Role of IP₃ in the ATP-induced Ca^{2 +} release in CD38 ⁺ 3T3 fibroblasts. (A) CD38⁺ 3T3 cells were incubated for 5 min in the presence of 250 μM 2-APB. (B) CD38⁺ 3T3 cells were incubated for 5 min in the presence of 1 μM U73343 (open rhombus) or U73122 (filled rhombus). ATP (100 μM) was then added to cells, and [Ca²⁺]_i was measured using a plate reader fluorometer, as described in the Materials and methods. Characteristic tracings are shown (n = 6 for CD38⁺ in the presence of 250 μM 2-APB, n = 3 for CD38⁺ in the presence of 1 μM U73343, n = 3 for CD38⁺ in the presence of 1 μM U73122).

Figure 4.

Global Ca^{2 +} wave development in 3T3 fibroblasts. Confocal pseudocolor Ca²⁺ images of selected cells for each condition: CD38⁻ (A), CD38⁻ cells preincubated with 50 μM cADPR (B), CD38⁻ cells microinjected with ryanodine 15 min before addition of ATP (Ry; pipette concentration 100 μM, final intracellular concentration ∼1 μM) (C), and CD38⁺ cells (D) immediately before and after stimulation by ATP are displayed (Bars, 10 μm). (E) Quantitative analysis of Ca²⁺ wave development in the four cells displayed in A–D; [Ca²⁺]_i from different subcellular regions of interest (color coded; the dashed circles indicate nuclei) are plotted against time.
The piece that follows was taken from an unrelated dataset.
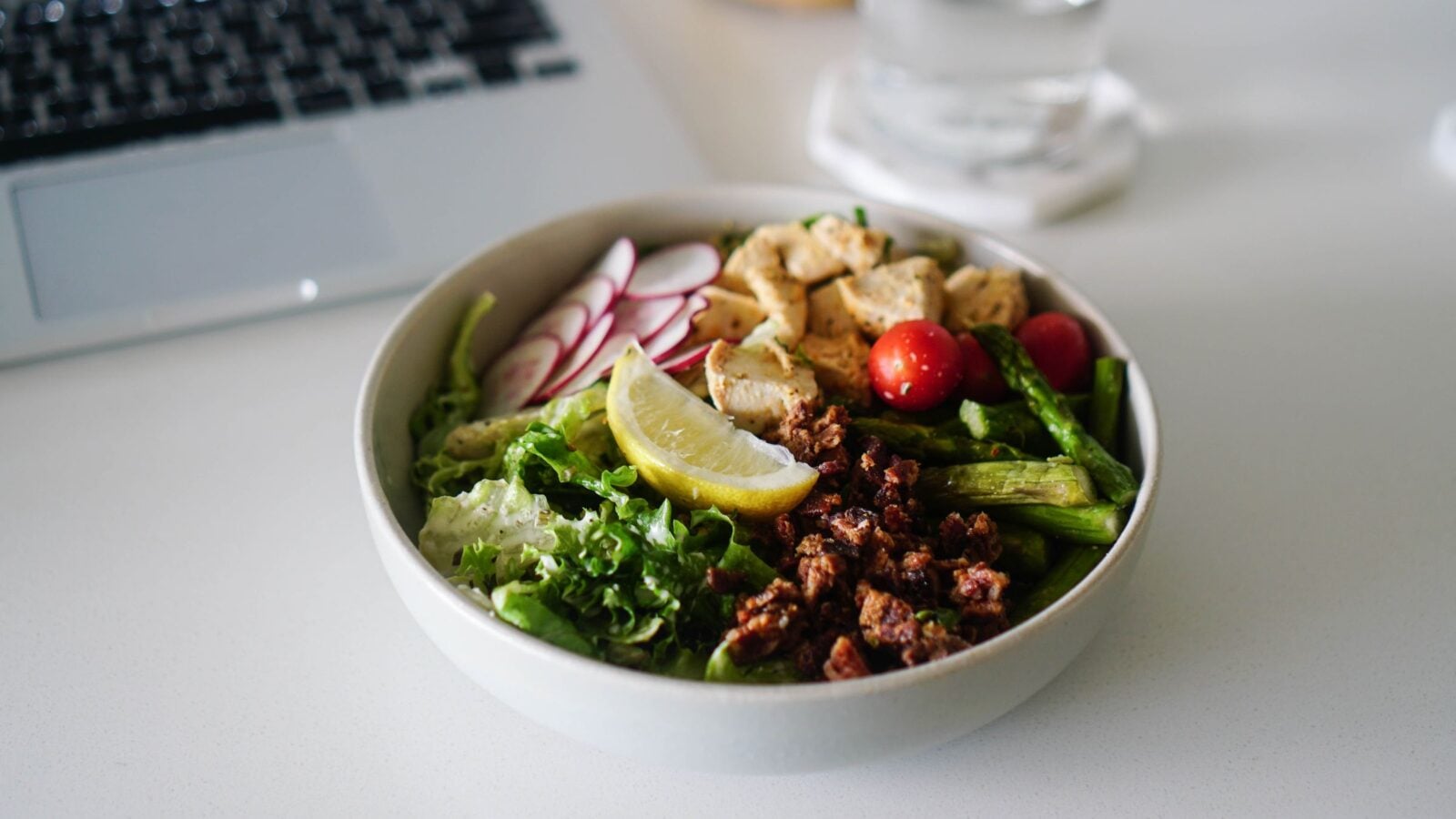 A colorful lunch bowl of vegetables and protein beside a laptop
Characteristic cells were selected from n = 18 CD38⁻ (A), n = 19 CD38⁻ cells preincubated with cADPR (B), n = 15 CD38⁻ cells microinjected with ryanodine (C), and n = 20 CD38⁺ cells (D) analyzed in total.

Figure 5.

Analysis of subcellular Ca^{2 +} signals in 3T3 fibroblasts. Confocal pseudocolor Ca²⁺ images of the early pacemaker phase upon ATP stimulation of a CD38⁻ cell (A), a CD38⁻ cell preincubated with 50 μM cADPR (B), a CD38⁻ cell microinjected with ryanodine 15 min before addition of ATP (Ry; pipette concentration 100 μM, final intracellular concentration ∼1 μM) (C), and a CD38⁺ cell (D), and magnifications of subcellular regions are displayed (Bars, 2.5 μm). The cells were stimulated at time point 115 s by 100 μM ATP. Right panel, Ca²⁺ tracings of selected ROIs (as indicated and color coded in the middle panel) are displayed. Characteristic cells were selected from n = 18 CD38⁻ cells (A), n = 19 CD38⁻ cells preincubated with cADPR (B), n = 15 CD38⁻ cells microinjected with ryanodine, and n = 20 CD38⁺ cells.